There was no doubt that quite a few air conditioners are getting cranked up now with predictions of highs ranging from the mid to upper 70s through the mid 80s in nearly all of the South through the Midcontinent and as high as the mid 90s in some parts of the desert Southwest such as Phoenix.

And heating demand hasn’t totally disappeared yet, although it has been making itself increasingly scarce over the last week or so. The Weather Channel (TWC) predicted that “showers and high terrain snow or rain/snow mixed will impact portions of New England and upstate New York.” However, the price effect was limited to some extent by TWC saying most of the cold would occur early in the day before the region’s gas day gets under way at 10 a.m. EDT. And conditions will be getting considerably more pleasant going into the weekend.

The Midwest also will be retaining some chill Thursday, but quite a bit less than in the Northeast.
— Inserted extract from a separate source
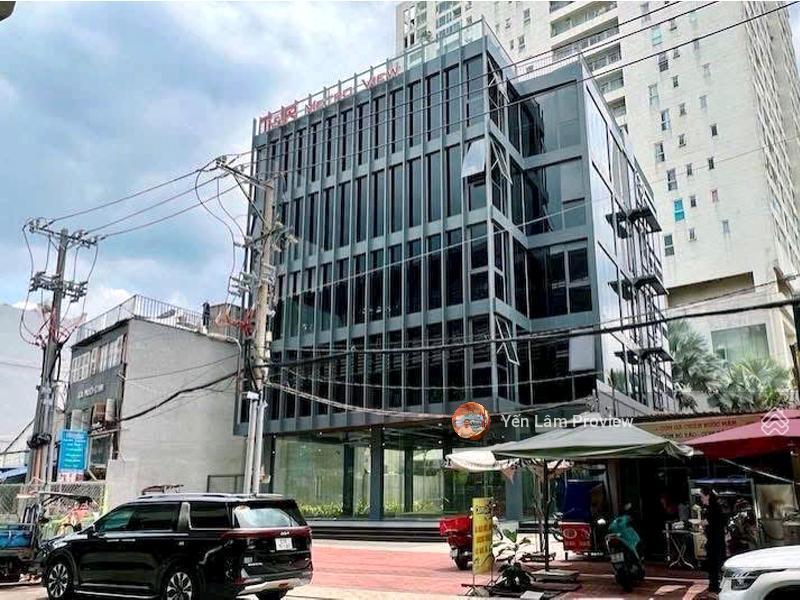 Bán tòa nhà xa lộ hà nội, thảo điền, 515,5m², ngang 20m, 5 tầng, giá 300 tỷ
An expected high around 80 Thursday in Denver tells you all you need to know about softness prevailing in most of the West. And unusual recent heat levels in inland California will be receding greatly. The West also had at least one issue with excess supply as PG&E issued a high-inventory OFO (see Transportation Notes).

A Gulf Coast trader said there is already fairly substantial air conditioning use going in Texas, adding that the only reason she hasn’t turned on the air conditioner yet at her house is that a visiting grandmother “is cold-natured and wouldn’t like it.”
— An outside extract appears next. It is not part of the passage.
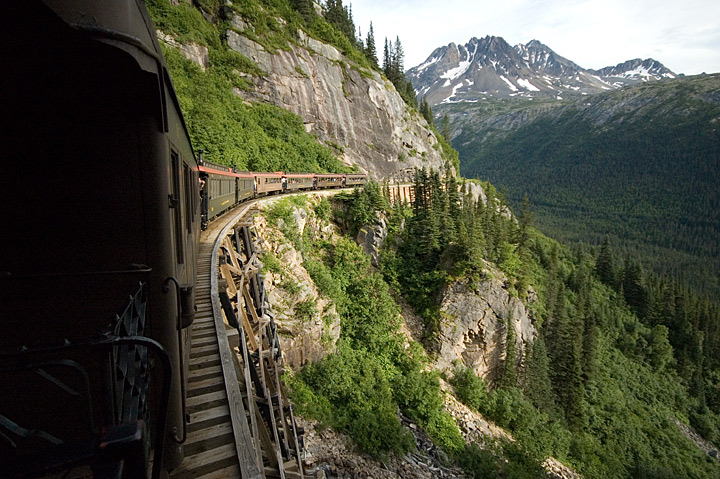 White Pass Railway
Power generation demand for air conditioning was the main reason the trader could see for Wednesday’s mostly minor firmness. However, the upper half of the Northeast is getting ready for what may be “the last hurrah” of cold weather in the U.S. this season, she added.

The trader said she had done a little bidweek trading, nearly all at index flat. She reported getting “a lot of calls” for May gas already, but had to wait to line up her estimates before closing the deals. She thinks the May baseload market will be well bid, at least in the Gulf Coast, because some significant cooling load will be coming on-line in the South during the month.

In its six- to 10-day forecast posted Tuesday afternoon for the April 27-May 1 workweek, the National Weather Service (NWS) said it expects above-normal temperatures everywhere except nearly all of Florida south and east of a line running roughly southwestward from southern New Hampshire through central Illinois before turning more to the south-southwest through the southeastern corner of Oklahoma into eastern, central and southwestern Texas (much of South Texas was also left out of the above-normal prediction). NWS looks for below-normal readings in a large area along the West Coast from northern Oregon to the Mexico border and stretching eastward to include nearly all of the desert Southwest, Rockies, Upper Plains, northern Midcontinent and most of the Upper Midwest. Anomalies in the overall forecast pattern call for above normal along the northern edge of Washington state and below normal in the northern half of Maine.